Приведенный пример хорош всем, за исключением одного — собственно фактурный момент здесь достаточно сложен. Конечно, есть основания рассматривать массу зеркал как единую фактуру, некую субстанцию, где «работает» рифма «зеркало — вода — течение времени», а различные по форме и конфигурации исчезающие рамы являются единицами измерения его (времени) хода. Для тех, кому это покажется слишком сложным, назовем примеры совсем простые и очевидные. Бочки, корзины, списанные из рыболовецкого совхоза веревки в «Тиле» М.Китаева; старый, покрытый рубцами и лопнувший ранами холст-шкура животного в «Истории лошади»; старые бревна разобранного дома, из которых сколочена стена «Братьев и сестер» Э.Кочергина… Эти примеры хрестоматийно известны. Ряд легко продолжить, вспомнив чуть ли не каждый приличный спектакль любого известного сценографа. Объединяет их одно: вещь должна быть настоящей и не новой. Пожившей. Несущей следы времени. Состарившейся рядом с человеком. И тем самым очеловеченной. В центре внимания старье. Будь то отдельный предмет или целая фактура, из которой организовано пространство сцены (в первом случае, скажем, разбитый самолет в «Повелителе мух» Д.Боровского. Во втором — рваное рубище «Бориса Годунова» Э.Кочергина). Но так…
…НЕ ТОЛЬКО НА СЦЕНЕ
И не только в искусстве. Мастерские художников набиты живописной рухлядью. Их коллекции антиквариата собраны на помойках. Люди буквально живут в среде, подобной декорациям «Вишневого сада» или «Ко шек-мышек», представляющим собой как бы развернутый в пространстве старинный семейный альбом.
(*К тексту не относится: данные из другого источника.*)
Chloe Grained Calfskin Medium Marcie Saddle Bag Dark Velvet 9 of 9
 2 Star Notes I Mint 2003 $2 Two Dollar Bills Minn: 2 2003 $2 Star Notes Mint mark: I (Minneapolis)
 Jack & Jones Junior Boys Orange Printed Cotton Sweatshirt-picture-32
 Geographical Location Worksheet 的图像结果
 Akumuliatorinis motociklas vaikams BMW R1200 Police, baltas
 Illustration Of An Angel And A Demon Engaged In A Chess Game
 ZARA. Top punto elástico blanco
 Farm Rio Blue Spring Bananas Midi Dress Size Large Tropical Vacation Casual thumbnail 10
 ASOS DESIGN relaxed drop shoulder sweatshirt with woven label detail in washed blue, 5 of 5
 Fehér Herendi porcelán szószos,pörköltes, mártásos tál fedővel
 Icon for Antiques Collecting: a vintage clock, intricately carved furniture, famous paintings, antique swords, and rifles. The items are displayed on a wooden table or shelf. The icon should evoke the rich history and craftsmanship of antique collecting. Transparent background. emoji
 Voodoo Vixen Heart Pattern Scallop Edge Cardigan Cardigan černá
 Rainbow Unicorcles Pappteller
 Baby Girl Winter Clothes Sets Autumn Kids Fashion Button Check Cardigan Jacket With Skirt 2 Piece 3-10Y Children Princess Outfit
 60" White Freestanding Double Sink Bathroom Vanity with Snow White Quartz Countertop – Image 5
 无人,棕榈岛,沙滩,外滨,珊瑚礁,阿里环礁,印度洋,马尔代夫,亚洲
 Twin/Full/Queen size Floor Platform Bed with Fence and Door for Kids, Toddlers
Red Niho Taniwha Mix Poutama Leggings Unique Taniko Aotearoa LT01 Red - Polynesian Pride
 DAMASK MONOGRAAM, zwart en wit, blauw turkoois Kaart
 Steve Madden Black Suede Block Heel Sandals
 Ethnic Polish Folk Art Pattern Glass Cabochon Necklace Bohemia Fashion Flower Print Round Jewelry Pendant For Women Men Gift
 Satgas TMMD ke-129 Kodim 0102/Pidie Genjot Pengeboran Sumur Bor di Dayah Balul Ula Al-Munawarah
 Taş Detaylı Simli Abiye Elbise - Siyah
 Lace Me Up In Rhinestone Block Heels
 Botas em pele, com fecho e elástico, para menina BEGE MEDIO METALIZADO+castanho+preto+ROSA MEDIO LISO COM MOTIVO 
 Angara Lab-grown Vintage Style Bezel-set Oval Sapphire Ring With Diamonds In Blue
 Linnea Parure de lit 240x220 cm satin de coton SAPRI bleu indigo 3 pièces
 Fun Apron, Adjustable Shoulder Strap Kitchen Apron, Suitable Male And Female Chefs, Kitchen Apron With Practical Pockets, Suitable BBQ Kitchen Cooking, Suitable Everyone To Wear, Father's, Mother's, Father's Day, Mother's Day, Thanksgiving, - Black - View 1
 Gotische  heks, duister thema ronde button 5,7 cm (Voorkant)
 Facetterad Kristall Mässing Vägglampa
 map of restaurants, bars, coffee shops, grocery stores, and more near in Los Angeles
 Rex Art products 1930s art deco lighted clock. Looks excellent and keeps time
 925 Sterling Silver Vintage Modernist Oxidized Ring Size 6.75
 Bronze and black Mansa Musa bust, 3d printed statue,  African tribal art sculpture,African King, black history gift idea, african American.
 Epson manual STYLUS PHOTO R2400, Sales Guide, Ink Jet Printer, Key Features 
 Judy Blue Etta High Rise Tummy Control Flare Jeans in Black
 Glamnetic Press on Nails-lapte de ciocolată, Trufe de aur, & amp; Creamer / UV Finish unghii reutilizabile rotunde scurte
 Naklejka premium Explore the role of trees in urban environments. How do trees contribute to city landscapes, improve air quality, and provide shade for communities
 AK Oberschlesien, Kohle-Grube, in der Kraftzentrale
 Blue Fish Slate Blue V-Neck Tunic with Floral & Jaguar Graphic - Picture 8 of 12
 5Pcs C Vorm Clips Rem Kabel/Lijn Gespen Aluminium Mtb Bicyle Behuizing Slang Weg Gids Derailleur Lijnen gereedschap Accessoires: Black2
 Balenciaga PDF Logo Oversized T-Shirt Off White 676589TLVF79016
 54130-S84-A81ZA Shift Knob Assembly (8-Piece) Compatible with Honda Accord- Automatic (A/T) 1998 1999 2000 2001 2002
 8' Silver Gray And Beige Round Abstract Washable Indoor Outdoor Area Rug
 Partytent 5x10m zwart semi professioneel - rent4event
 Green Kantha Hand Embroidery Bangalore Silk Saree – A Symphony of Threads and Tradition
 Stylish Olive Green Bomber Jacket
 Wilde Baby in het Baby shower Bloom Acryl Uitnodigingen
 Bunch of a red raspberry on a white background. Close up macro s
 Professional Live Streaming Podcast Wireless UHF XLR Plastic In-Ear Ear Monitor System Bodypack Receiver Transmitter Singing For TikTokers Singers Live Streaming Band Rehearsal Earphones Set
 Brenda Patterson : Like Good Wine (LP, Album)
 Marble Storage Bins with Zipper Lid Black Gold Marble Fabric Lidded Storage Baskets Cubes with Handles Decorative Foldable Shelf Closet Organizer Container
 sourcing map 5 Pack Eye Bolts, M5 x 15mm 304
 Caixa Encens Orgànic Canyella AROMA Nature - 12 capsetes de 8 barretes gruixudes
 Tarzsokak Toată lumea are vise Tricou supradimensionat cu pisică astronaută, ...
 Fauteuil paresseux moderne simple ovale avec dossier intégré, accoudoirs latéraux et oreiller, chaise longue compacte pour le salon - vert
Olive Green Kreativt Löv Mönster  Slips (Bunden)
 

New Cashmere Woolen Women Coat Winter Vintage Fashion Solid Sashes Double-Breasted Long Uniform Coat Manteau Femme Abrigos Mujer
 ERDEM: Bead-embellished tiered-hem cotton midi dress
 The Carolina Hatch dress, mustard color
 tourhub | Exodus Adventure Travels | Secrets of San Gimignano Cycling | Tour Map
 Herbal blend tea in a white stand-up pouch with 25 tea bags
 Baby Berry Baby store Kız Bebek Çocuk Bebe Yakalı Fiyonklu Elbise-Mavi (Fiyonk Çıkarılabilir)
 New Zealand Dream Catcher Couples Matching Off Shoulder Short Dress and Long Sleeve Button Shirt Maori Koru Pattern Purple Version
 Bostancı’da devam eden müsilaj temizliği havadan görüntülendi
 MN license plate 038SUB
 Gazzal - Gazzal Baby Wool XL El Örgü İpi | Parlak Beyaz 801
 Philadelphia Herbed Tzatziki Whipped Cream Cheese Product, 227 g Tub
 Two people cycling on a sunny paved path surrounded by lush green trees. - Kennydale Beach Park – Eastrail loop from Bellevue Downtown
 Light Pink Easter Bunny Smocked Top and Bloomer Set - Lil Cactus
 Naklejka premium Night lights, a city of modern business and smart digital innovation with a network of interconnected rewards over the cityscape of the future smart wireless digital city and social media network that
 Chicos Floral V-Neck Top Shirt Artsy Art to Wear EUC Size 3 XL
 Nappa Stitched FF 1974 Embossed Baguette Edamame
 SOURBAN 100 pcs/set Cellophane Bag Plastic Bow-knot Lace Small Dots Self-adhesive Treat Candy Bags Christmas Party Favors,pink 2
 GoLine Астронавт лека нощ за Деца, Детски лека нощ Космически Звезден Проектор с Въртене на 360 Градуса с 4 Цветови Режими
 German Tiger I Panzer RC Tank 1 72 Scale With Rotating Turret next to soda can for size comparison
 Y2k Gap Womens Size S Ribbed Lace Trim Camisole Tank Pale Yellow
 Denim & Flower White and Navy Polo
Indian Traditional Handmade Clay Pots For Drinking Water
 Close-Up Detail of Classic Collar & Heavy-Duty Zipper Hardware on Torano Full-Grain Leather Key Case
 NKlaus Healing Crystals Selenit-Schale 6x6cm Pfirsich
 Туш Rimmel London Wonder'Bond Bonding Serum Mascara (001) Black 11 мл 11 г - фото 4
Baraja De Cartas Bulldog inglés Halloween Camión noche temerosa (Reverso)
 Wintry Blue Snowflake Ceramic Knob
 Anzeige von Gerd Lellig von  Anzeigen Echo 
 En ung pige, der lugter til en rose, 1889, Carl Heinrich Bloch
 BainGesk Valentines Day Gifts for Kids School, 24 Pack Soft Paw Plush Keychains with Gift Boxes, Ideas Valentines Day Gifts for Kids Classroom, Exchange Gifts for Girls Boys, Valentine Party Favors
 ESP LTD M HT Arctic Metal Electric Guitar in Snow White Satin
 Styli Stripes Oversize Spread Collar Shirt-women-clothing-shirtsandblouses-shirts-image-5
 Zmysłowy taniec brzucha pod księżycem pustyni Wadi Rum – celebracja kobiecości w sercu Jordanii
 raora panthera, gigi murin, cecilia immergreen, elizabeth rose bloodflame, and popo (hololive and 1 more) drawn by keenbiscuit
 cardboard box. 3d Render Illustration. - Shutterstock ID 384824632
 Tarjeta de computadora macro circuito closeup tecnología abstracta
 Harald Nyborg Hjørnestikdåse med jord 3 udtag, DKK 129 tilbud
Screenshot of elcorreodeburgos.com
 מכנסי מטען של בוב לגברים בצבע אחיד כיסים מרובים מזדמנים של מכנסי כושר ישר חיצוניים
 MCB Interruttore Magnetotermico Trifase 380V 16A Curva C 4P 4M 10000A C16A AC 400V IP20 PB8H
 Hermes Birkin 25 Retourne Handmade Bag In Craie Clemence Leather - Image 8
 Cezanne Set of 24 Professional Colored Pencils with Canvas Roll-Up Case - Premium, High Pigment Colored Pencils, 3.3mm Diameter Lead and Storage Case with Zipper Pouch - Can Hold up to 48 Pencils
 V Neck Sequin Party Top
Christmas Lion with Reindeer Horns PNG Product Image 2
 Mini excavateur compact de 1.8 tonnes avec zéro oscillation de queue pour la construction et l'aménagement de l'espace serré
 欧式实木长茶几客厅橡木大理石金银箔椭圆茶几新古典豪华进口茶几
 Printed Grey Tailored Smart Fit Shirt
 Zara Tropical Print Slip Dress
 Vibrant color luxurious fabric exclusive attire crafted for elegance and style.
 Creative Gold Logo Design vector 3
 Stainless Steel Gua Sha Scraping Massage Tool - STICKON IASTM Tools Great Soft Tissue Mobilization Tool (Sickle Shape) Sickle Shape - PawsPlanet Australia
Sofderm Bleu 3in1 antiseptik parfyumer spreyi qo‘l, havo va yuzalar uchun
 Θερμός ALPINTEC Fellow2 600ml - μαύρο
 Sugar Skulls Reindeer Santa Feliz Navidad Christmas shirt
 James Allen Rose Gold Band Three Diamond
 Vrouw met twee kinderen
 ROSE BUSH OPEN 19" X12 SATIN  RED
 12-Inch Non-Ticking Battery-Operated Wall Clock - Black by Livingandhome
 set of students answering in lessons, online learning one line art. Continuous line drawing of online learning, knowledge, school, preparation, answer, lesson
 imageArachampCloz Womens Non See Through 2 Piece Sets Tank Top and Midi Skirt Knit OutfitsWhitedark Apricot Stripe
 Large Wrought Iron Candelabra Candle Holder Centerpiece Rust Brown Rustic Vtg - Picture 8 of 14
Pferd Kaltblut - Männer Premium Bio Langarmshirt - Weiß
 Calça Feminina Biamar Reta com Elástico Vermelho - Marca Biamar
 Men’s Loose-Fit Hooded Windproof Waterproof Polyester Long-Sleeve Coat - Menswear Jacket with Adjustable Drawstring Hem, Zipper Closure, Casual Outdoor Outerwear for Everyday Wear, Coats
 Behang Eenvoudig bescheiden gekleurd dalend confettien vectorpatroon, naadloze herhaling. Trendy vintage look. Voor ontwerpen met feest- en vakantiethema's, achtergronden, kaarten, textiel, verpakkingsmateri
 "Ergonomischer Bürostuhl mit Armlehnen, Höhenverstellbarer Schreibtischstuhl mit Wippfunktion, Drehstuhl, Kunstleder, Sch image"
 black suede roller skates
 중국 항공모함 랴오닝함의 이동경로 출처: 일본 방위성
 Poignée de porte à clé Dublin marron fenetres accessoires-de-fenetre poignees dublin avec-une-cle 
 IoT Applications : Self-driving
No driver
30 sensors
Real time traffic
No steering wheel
Мода на антиквариат охватывает самые широкие слои населения. Любопытно, что на Западе, где антиквариат тоже в цене, предметы выглядят как новенькие. Блестят и сверкают. что неудивительно — много подделок. У нас подделок тоже много, но имитируют они… патину времени. Чем объяснить феномен любви к старине? Компенсацией за извращенную и урезанную историю, потому как дороги любые ее следы? Интровертным характером культуры, которому свойственна привязанность к прошлому, его эмоциональное проживание? Как бы то ни было, но любовь к старью в художественной среде является массовой.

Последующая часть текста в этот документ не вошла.